Susan Waigwa, a researcher raised in Nairobi and now based in Liverpool, sat across from a group of women one evening last spring, not in a clinic or lecture hall, but in a community center lit by soft overhead lamps and the quiet hum of shared understanding. Together, they spoke about hot flushes, sleepless nights, and the unspoken weight of silence—experiences shaped not just by biology, but by culture, migration, and identity. This moment was part of a larger effort led by Professor Susan Pickard and her team at the University of Liverpool, who, after working with 60 women from Black and Chinese communities in northwest England, have launched a groundbreaking Cultural Competency Toolkit for Menopause. The initiative, spotlighted in The Lancet Obstetrics, Gynaecology & Women's Health, responds to a glaring gap: most menopause research has centered white, middle-class women, leaving the diverse experiences of others overlooked in both medical training and patient care.

The toolkit is more than a checklist—it’s a bridge. Developed with input from community-based researchers and creative storytelling methods, it helps clinicians recognize how cultural beliefs influence how symptoms are described, understood, and even acknowledged. In some communities, for instance, discussing menopause openly may be taboo; in others, symptoms might be interpreted through spiritual or familial lenses rather than medical ones. The toolkit guides healthcare providers in navigating these nuances, challenging assumptions, and building trust through culturally sensitive conversations. Collaborators from Liverpool Women's University Hospital and Royal Holloway, University of London, helped shape its practical framework, ensuring it speaks not only to researchers but to doctors, nurses, and GPs on the front lines of care.

Professor Pickard, director of the Center for Aging and the Life Course at the University of Liverpool, sees this as a step toward equity. “We hope it will help health care professionals have more open and effective conversations with women from minority ethnic communities, particularly where experiences of menopause may differ from what is commonly assumed in clinical settings,” she said.

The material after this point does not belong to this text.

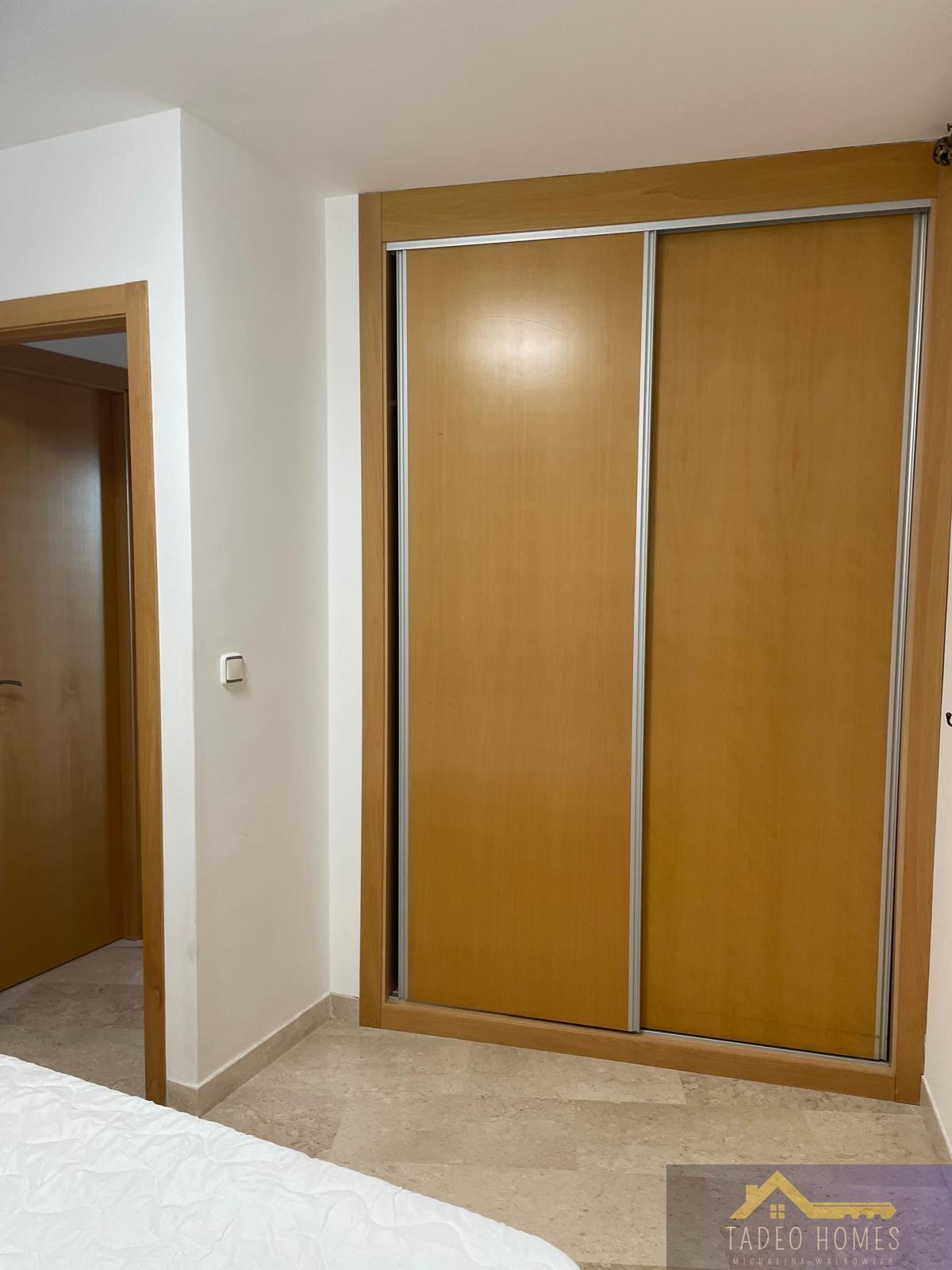Alquiler de apartamento en Gea y Truyols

The team acknowledges the study’s limits—a sample of 60 women from two ethnic groups in one region—but views it as a foundation. Their goal is to expand the research to include more communities, disciplines, and lived experiences, ensuring the toolkit evolves alongside the diversity it seeks to serve.

Already, the ripple effect is tangible. Clinicians who’ve reviewed early versions report feeling better equipped to listen, not just diagnose. Women who participated in the project say they finally feel seen. The Cultural Competency Toolkit for Menopause is now freely available, offering a model that could reshape how medicine meets culture—not just in Liverpool, but far beyond.